▶ _Description of the task_:
When copying the data below, keep only the lines from the one with "couple hugging |" through the one with "Sunny landscape of", word for word, and skip the pictures.

▶ _Records for the task_:
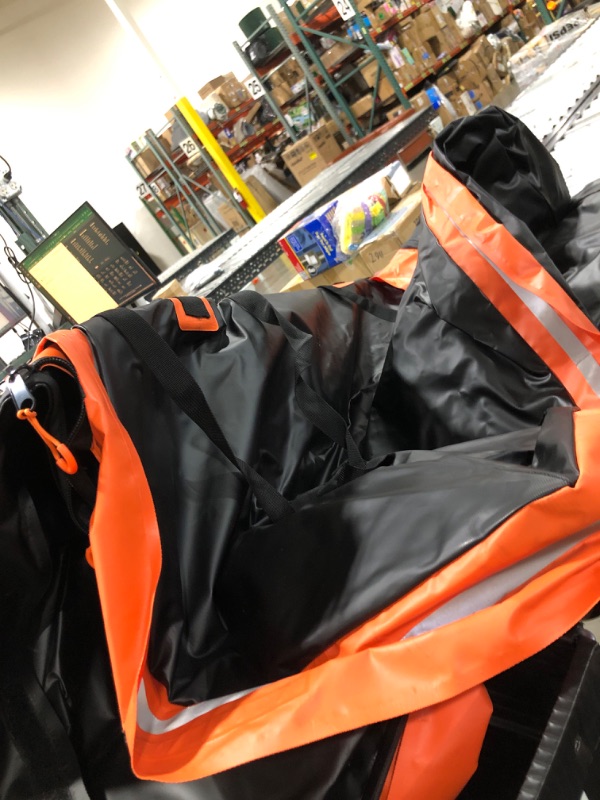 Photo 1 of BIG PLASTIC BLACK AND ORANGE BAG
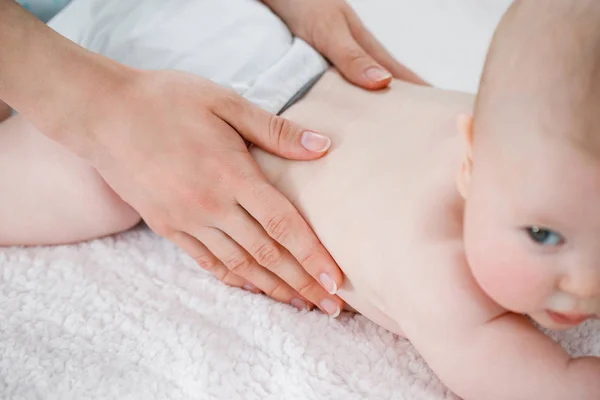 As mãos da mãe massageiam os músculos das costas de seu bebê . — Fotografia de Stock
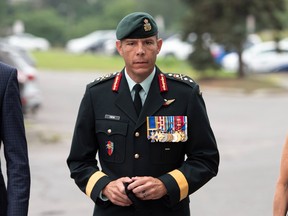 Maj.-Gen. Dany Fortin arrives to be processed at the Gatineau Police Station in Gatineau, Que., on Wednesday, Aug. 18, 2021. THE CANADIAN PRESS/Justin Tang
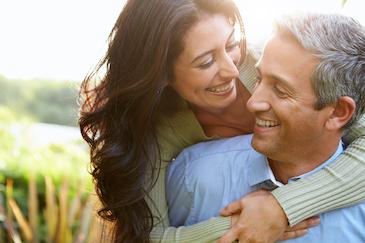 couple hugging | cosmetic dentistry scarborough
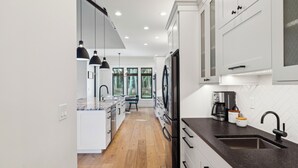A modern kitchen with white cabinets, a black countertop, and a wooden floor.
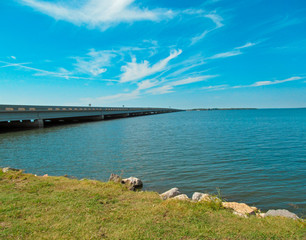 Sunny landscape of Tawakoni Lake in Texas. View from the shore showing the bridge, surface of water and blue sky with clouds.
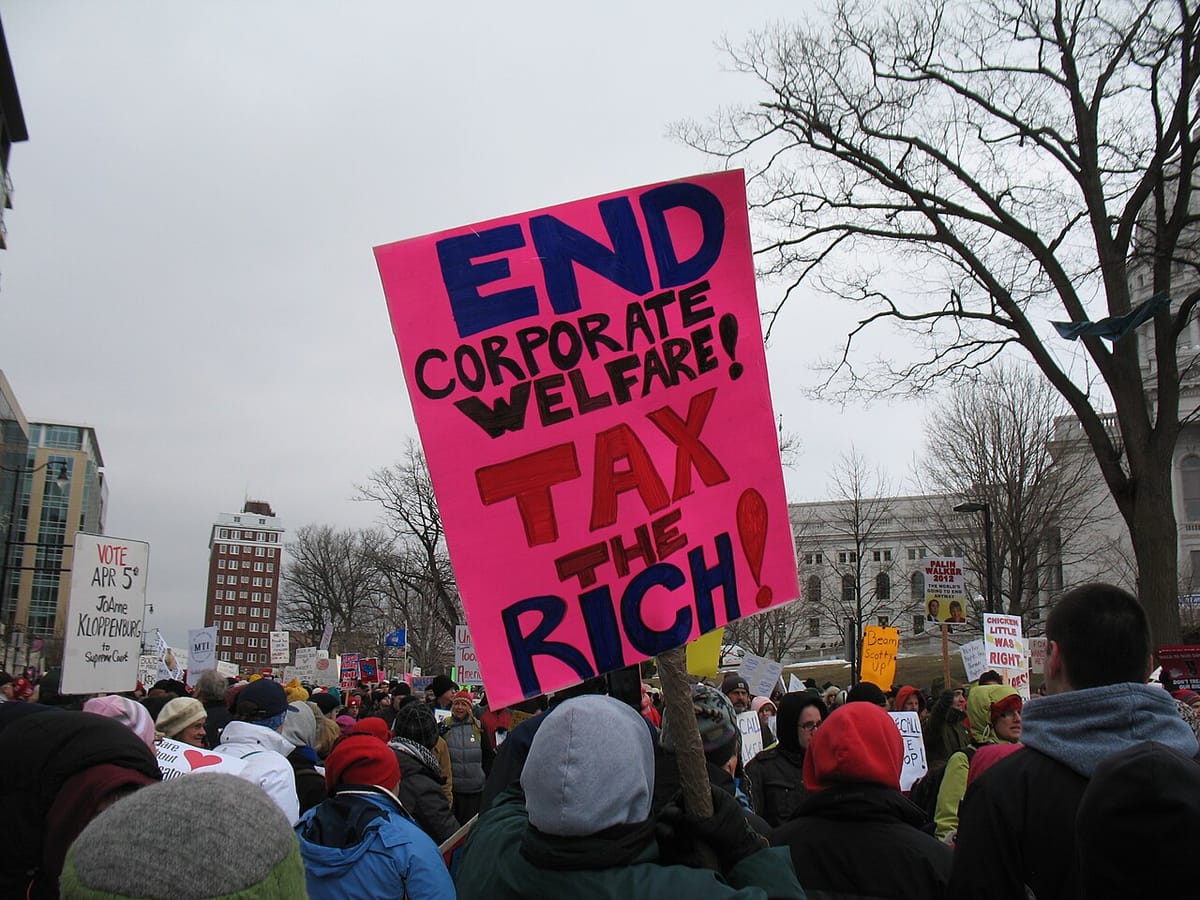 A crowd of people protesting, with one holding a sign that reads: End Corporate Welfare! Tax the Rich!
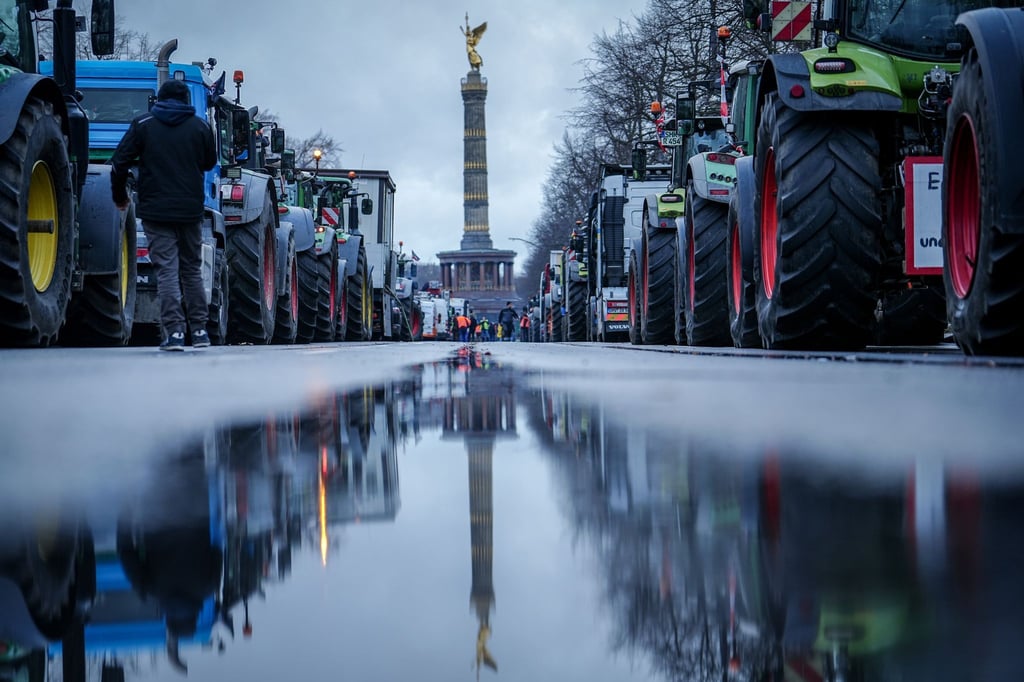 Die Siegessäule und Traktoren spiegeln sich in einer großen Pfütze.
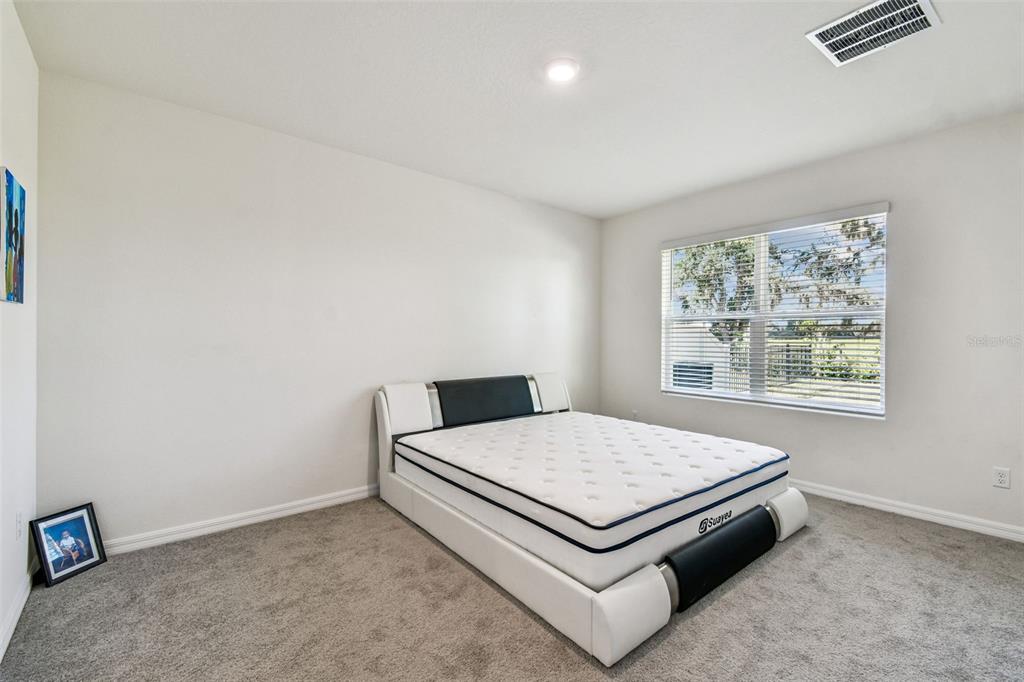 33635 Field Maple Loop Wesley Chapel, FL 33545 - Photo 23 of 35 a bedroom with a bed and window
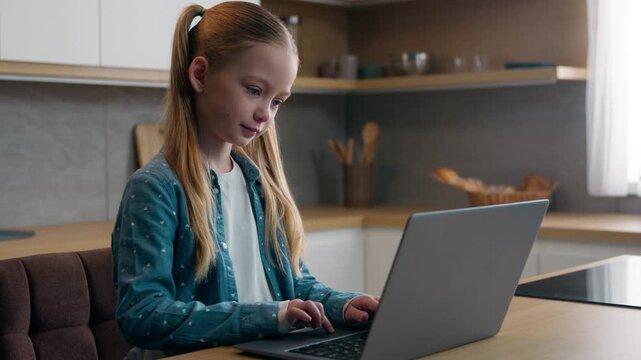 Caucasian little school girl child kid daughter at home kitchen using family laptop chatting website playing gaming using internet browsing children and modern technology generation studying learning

▶ _Output for this exercise_:
 couple hugging | cosmetic dentistry scarborough
A modern kitchen with white cabinets, a black countertop, and a wooden floor.
 Sunny landscape of Tawakoni Lake in Texas. View from the shore showing the bridge, surface of water and blue sky with clouds.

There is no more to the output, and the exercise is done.